I have got my old lathe almost to perfection, but it has taken time, not money, to achieve. Nearly twenty years of tweaking. But there are still parts that need to be looked at, because wear is now coming into the equation.

Be happy with what you have, but don't go wasting a lot of time and effort (and usually a lot of cash), trying to make a machine do what it can never achieve.

Experience is what gets the better results, learn to use what you have to your best ability.

A surface grinder is nice to have, but not essential.

John


----------



## Bernd (Mar 23, 2008)

Mcgyver  said:
			
		

> Bernd. is that an oil cup on the spindle?



Yes it is. I used spindle oil from were I used to work. It made no difference.
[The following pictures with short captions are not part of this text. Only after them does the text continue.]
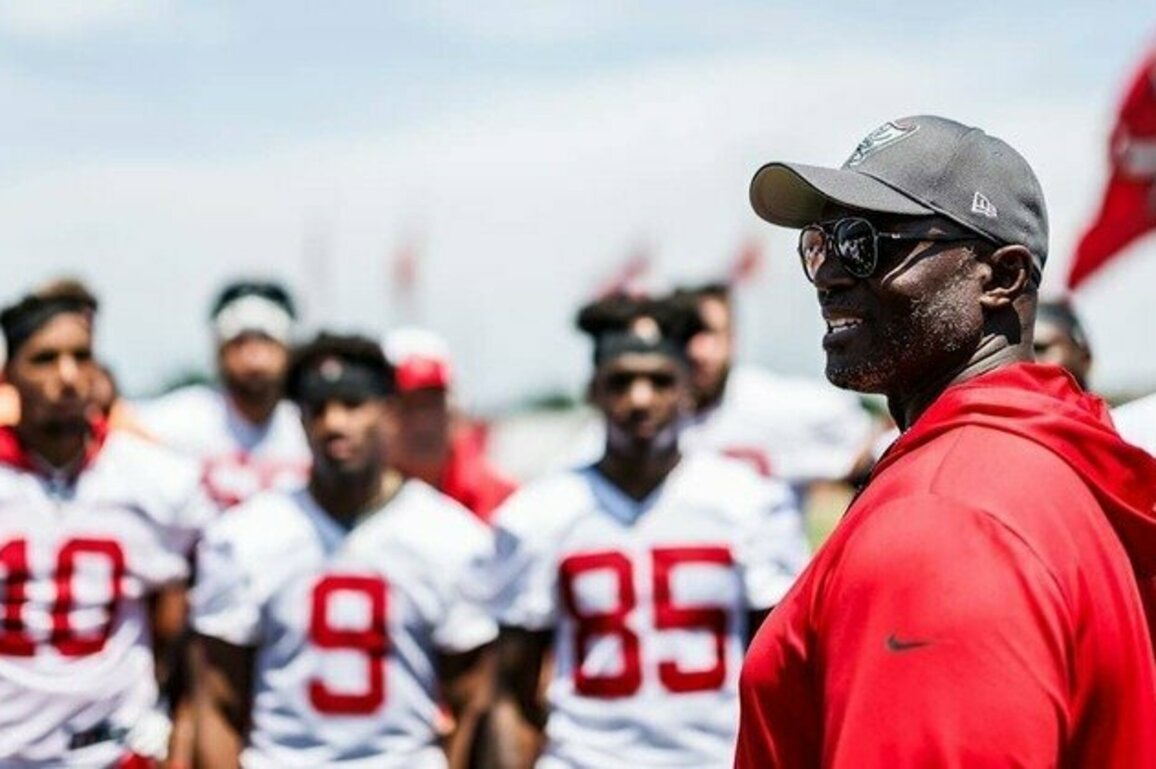 Bucs Offseason Program Begins April 21, Ends with June Minicamp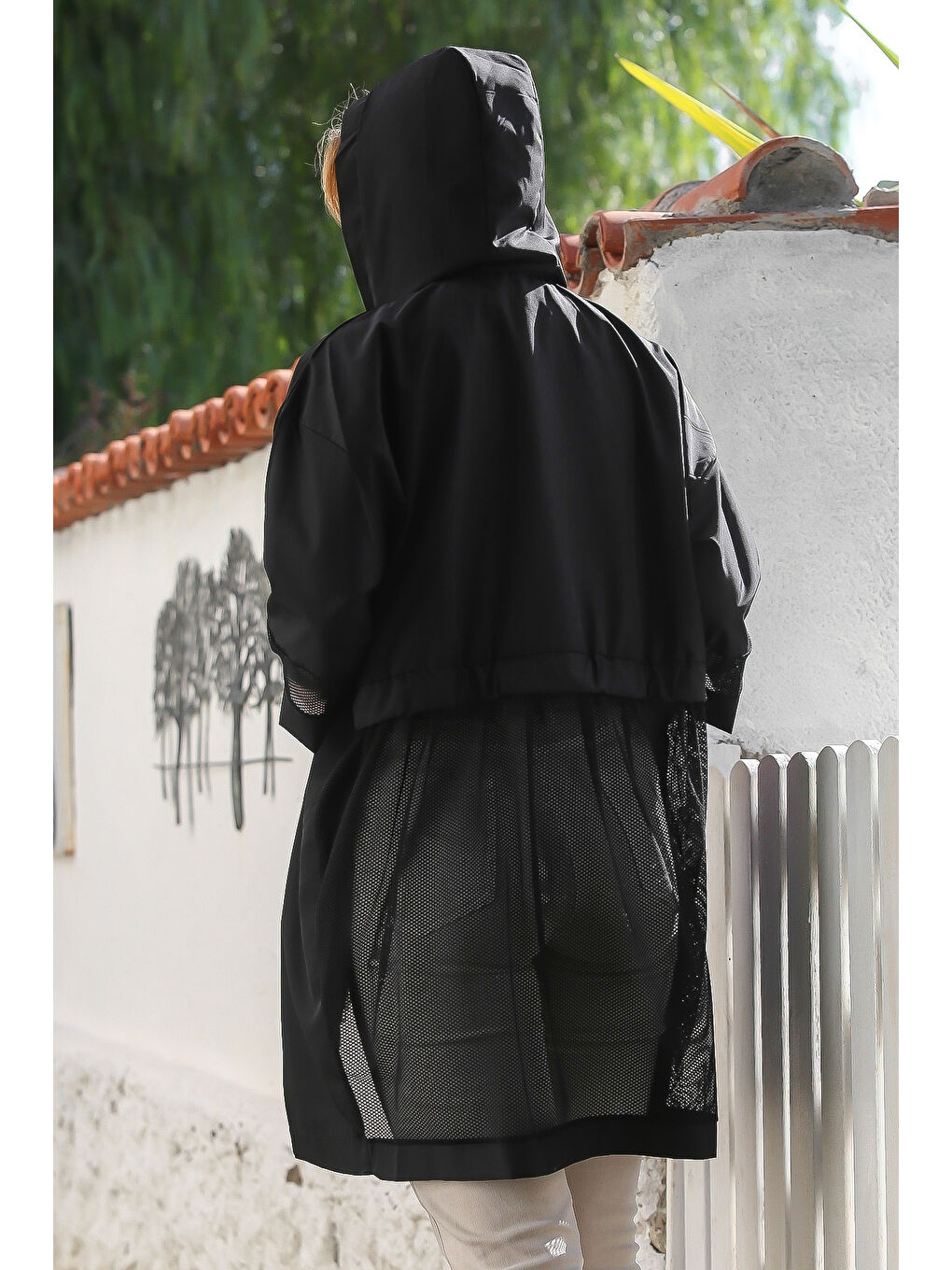 Siyah Kapüşonlu Uzun Kol Fermuarlı İnce File Detaylı Yağmurluk Casual Dokuma Ceket 92 65-3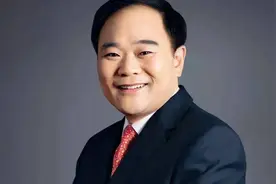 估值超185亿，李书福第10个IPO要来了视频封面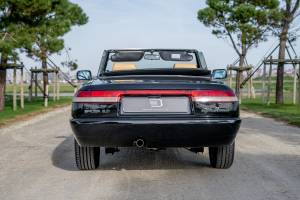 Bild 19/20 von Alfa Romeo 2.0 Spider (1991)
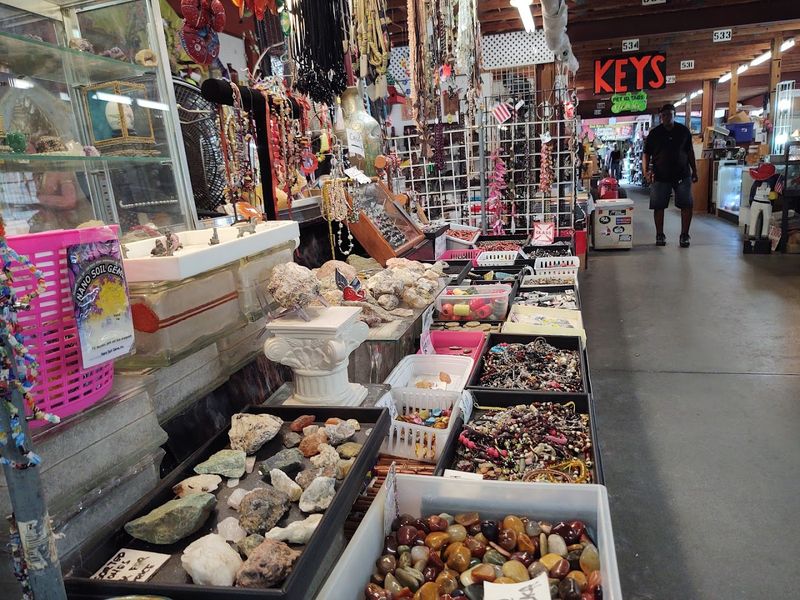 One Of Florida's Biggest Flea Markets Is A Treasure Hunter's Paradise - Decor Hint The Weekend Hours Are Key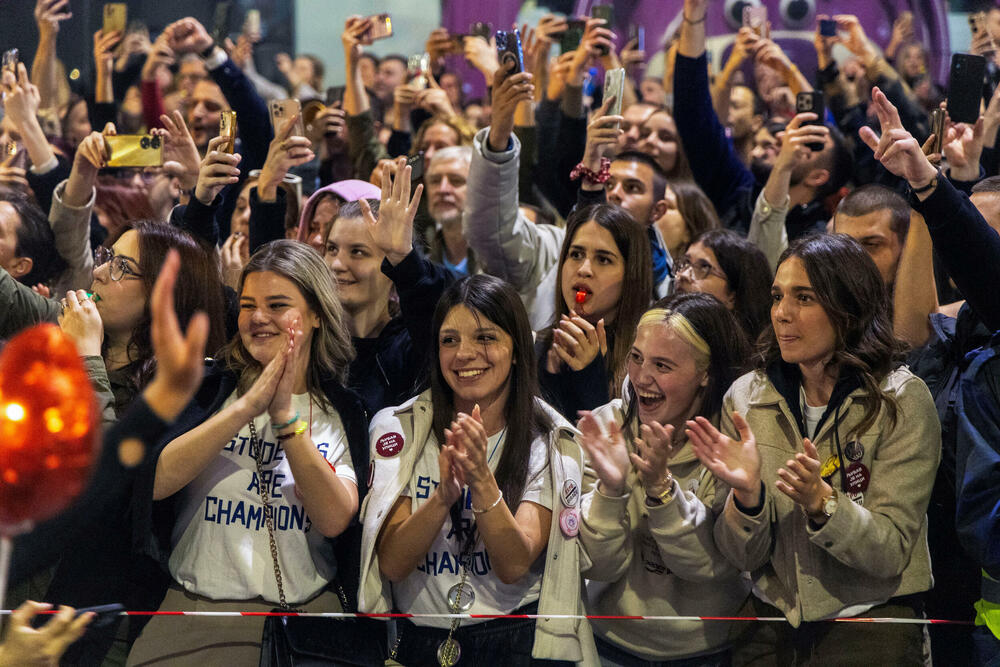 <p>U glavnom gradu Srbije održan masovni skup na koji su građane pozvali studenti u blokadi. Studenti poručili da protest više nije njihov nakon incidenta kod zgrade parlamenta, povukli se ka svojim fakultetima</p>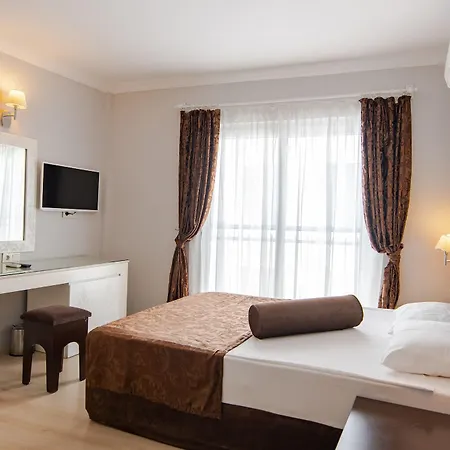 Side Royal Paradise Üdülőközpont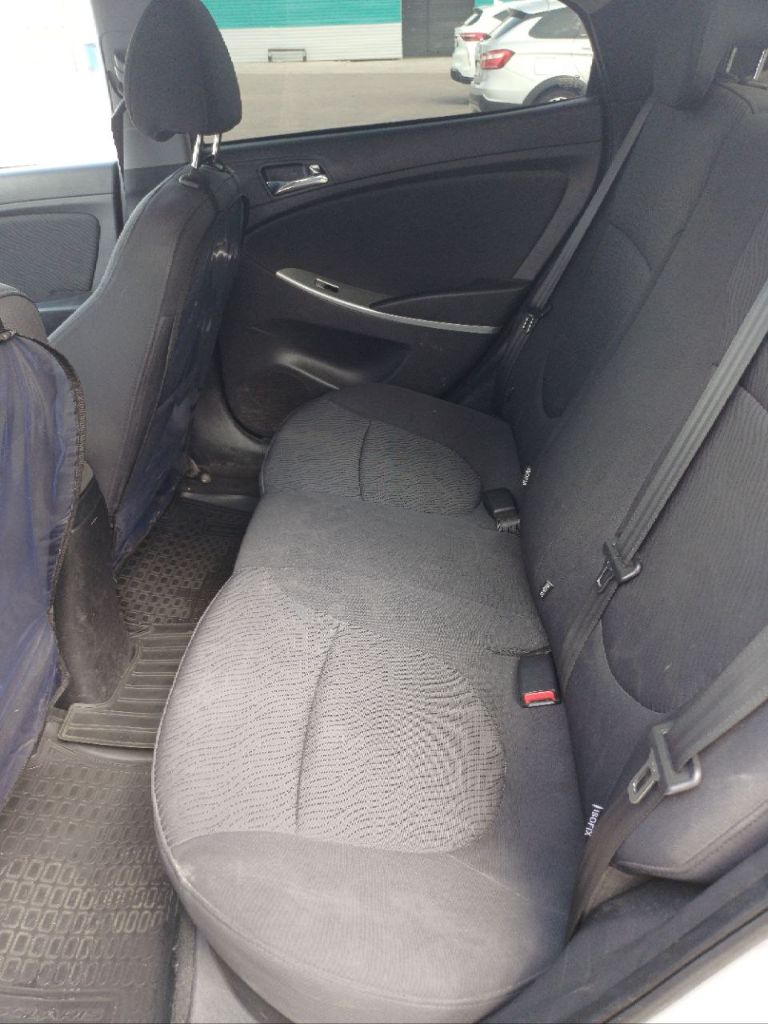 Hyundai solaris 2011 1.4 литра 5-мкпп 107 л. С. Птс оригинал 2 хозяина. Пробег реальный подтвержденный 317000км. Хорошее техническое состояние. Установлен гбо 4 поколения. Комплектация; гур, мультируль, обогрев зеркал, заднего стекла, электрорегулировка зеркал, подогрев передних сидений, кондиционер, парктроники задние, штатная магнитола 6 динамиков, так же установлены мини линзы. Хорошая летняя резина пробег 20000км. Без гбо на 20к дешевле. Доставка до днр, лнр, мариуполь если другой город, то обсудим. Собственник. 790000₽ +79951472181 - фотография - 9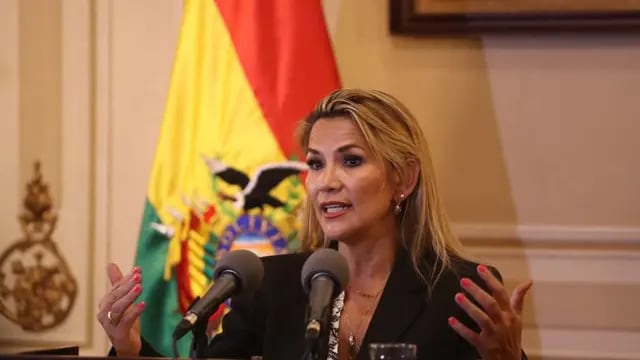 Ordenan el arresto de la ex presidente de Bolivia, Jeanine Áñez, por el supuesto “golpe de estado” a Evo Morales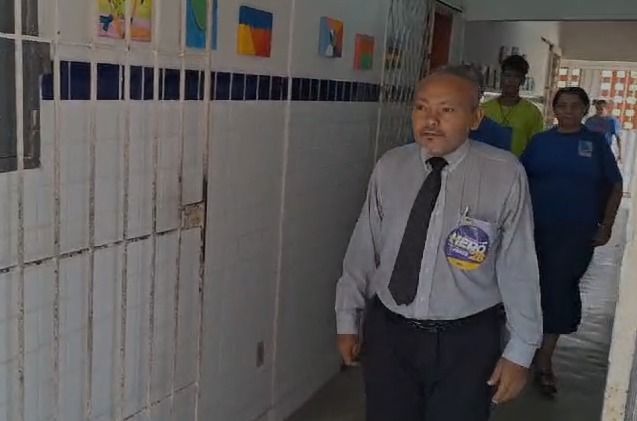 O candidato Heró Bezerra vota nas eleições municipais de Natal, neste domingo (6). • Reprodução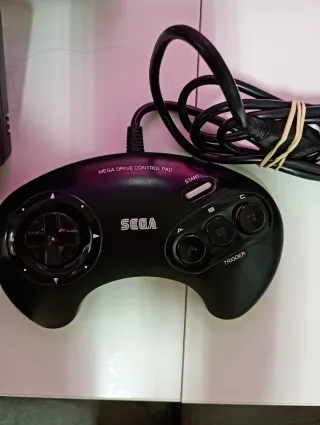 Sega Mega Drive II Negra
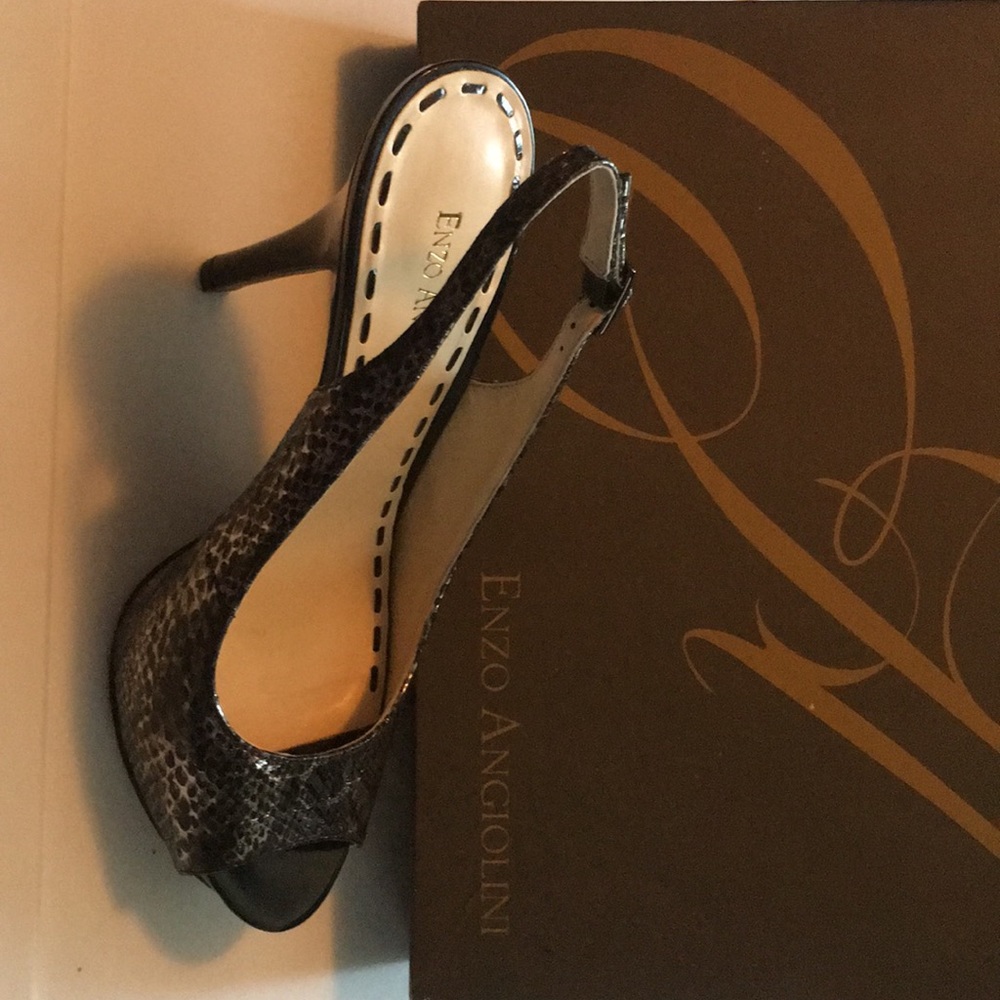 Enzo Angiolini Sunshynne Platform Pumps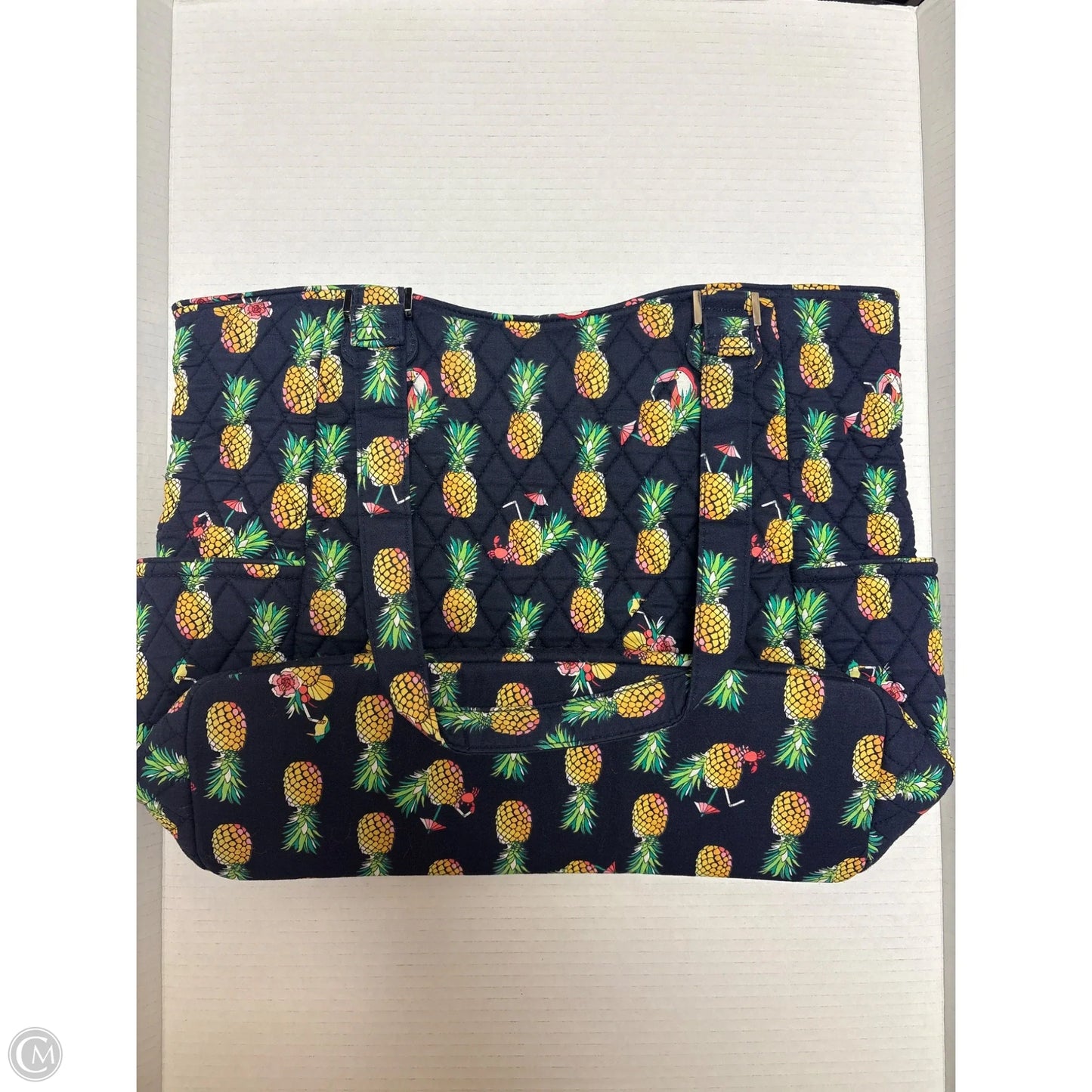 Handbag By Vera Bradley, Size: Large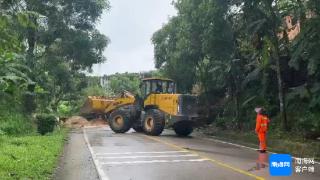 琼中：最高土堆将近20米高！降雨致山体滑坡阻断交通 公路部门正全力抢通中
> i agree with Alpha, try everything before messing with the bearings... for your pocket books sake! if its the bearings it might be cheaper to pull the chuck off and look for another grinder . Good point on the motor, afaik they put well balance motors on surface grinders so if its not original, try mounting it so its isolated from the machine, ie only connected by the belt??



I took a quick look at the motor mounting today. The guy I got it from mounted the motor on a piece of homasote. I don't think homasote is very good at damping vibration. Perhaps one of those new link belts may improve proformance. The motor looks to be an ordinary motor. I could pull it off and run it by itself and see if there is any vibration. I've tried pretty much all of the suggestions made in this thread to no avail.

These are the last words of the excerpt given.